Web Simulation 

 

 

 

 

Stochastic Gradient Descent (SGD) Tutorial 

Stochastic Gradient Descent (SGD) is a variation of the gradient descent optimization algorithm where instead of computing the gradient using the entire dataset, we compute it using a random subset (mini-batch) of data points. This introduces noise into the gradient estimate but offers significant computational advantages.
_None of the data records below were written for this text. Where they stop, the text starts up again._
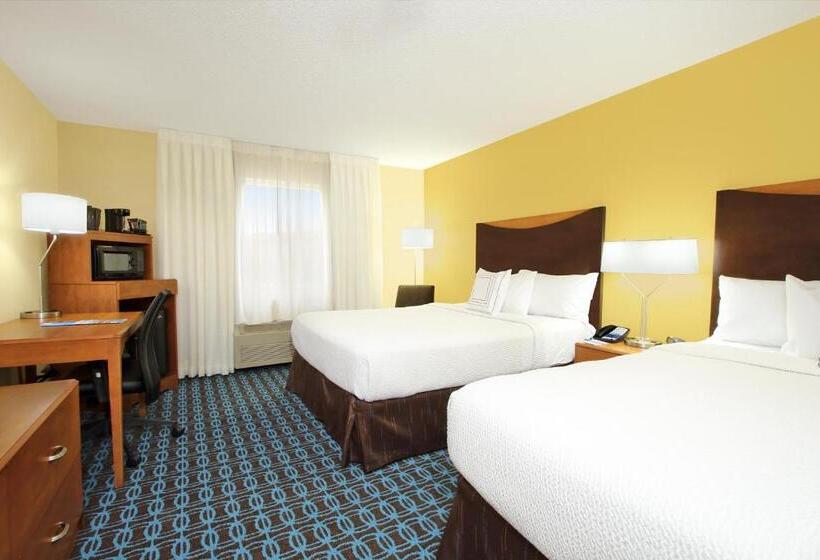 Номер Стандарт, Comfort Inn & Suites Olathe   Kansas City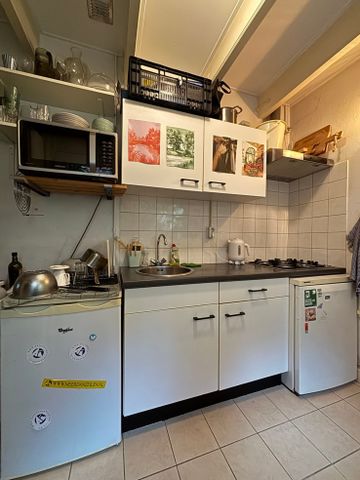 Kamer Vlasstraat - Foto 3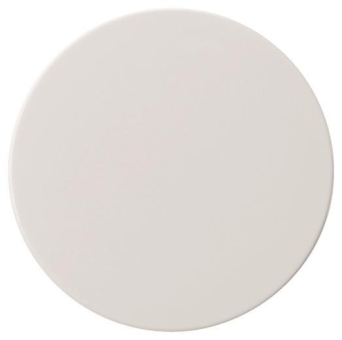 GIRA 0910112 Dimmerknopf Flächenschalter 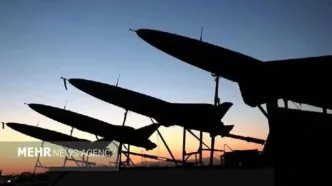 فوری/ آسیب پهپادهای ارتش به یک سایت راداری در رژیم صهیونیستی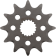 (image for) Supersprox Front Sprocket - 12T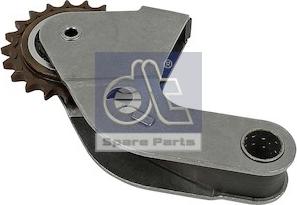 DT Spare Parts 13.45317 - Tendeur, chaîne de distribution droxauto.com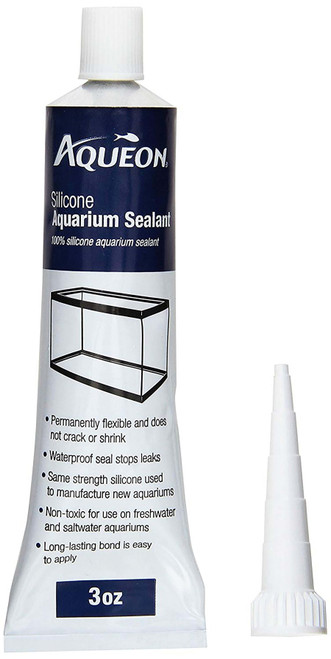 Aquarium Silicone Sealant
The Key Insight: Trading Accuracy for Speed

Consider a dataset with millions of data points. In Batch Gradient Descent, you must compute the gradient contribution from every single point before taking ONE step. This is:

  • Computationally expensive: Each step requires processing ALL data
  • Memory intensive: Must hold entire dataset in memory
  • Slow to converge: You take fewer, more accurate steps

In SGD, you randomly sample a small batch (e.g., 5-32 points) and compute a "noisy" gradient estimate. This gradient points roughly toward the minimum, but with some random deviation.

The Mathematics

For linear regression y = mx + b, the Mean Squared Error (MSE) loss is:

MSE = (1/N) Σ (ypred − ytrue

Batch Gradient Descent computes gradients over ALL N points:

∂MSE/∂m = (1/N) Σi=1..N (errori · xi)

Stochastic Gradient Descent computes gradients over a mini-batch of size B:

∂MSE/∂m ≈ (1/B) Σi∈batch (errori · xi)

The update rule remains the same:

m ← m − η · ∂MSE/∂m
b ← b − η · ∂MSE/∂b

Why Does SGD Work?

The magic of SGD lies in the Law of Large Numbers: even though each individual gradient estimate is noisy, the average direction over many steps still points toward the minimum. The noise actually helps in some ways:

  • Escape local minima: Random fluctuations can help jump out of shallow local minima
  • Regularization effect: The noise prevents overfitting to the training data
  • Faster initial progress: Many noisy steps > few precise steps early in training

The Batch Size Spectrum

Batch Size Name Gradient Noise Memory Steps/Epoch
1 Pure SGD Maximum Minimal N steps
8-64 Mini-batch SGD Moderate Small N/B steps
N (full) Batch GD Zero Full dataset 1 step

Visualization: Two Views

This simulation shows SGD from two perspectives:

  • Data Space (Left Canvas): Shows the data points and current regression line. The orange highlighted points are the current mini-batch being used for gradient computation. Watch how different random batches cause the line to "wobble" as it converges.
  • Loss Landscape (Right Canvas): Shows the MSE as a heatmap where X-axis is slope (m) and Y-axis is intercept (b). Darker colors = lower loss. The red path traces the SGD trajectory — notice the characteristic zig-zag pattern caused by noisy gradients!
0.00010 110
5 Mini-batch (high noise)
Step: 0
m (mnew): 0.1000
b (bnew): 40.0000
MSE: 0.0000
Optimal m*: 0.0000
Optimal b*: 0.0000
Data Space (y = mx + b)
Loss Landscape (MSE Heatmap)
Mini-batch Points
Other Data Points
Current Fit
SGD Path
Optimal Point
STEP DETAILS Step: 0
Click Step for single-step mode with details, or Start for continuous training.

Interactive Controls

  • Start/Stop: Toggle continuous SGD training.
  • Step Fwd ▶: Execute a single SGD step with detailed breakdown shown in the Step Details panel.
  • ◀ Step Back: Rewind to the previous step to review the calculation again.
  • Reset: Reset parameters to initial values while keeping the same data.
  • New Data: Generate a fresh random dataset.
  • Learning Rate (η): Controls step size. Too high → overshooting. Too low → slow convergence.
  • Batch Size: The number of points used per gradient computation:
    • 1: Pure SGD — maximum noise, zig-zag path, but computationally cheap
    • 5-15: Mini-batch — good balance of noise and stability
    • 50 (all): Full Batch GD — smooth path, no noise, but slow
  • Speed: Animation speed (higher = faster).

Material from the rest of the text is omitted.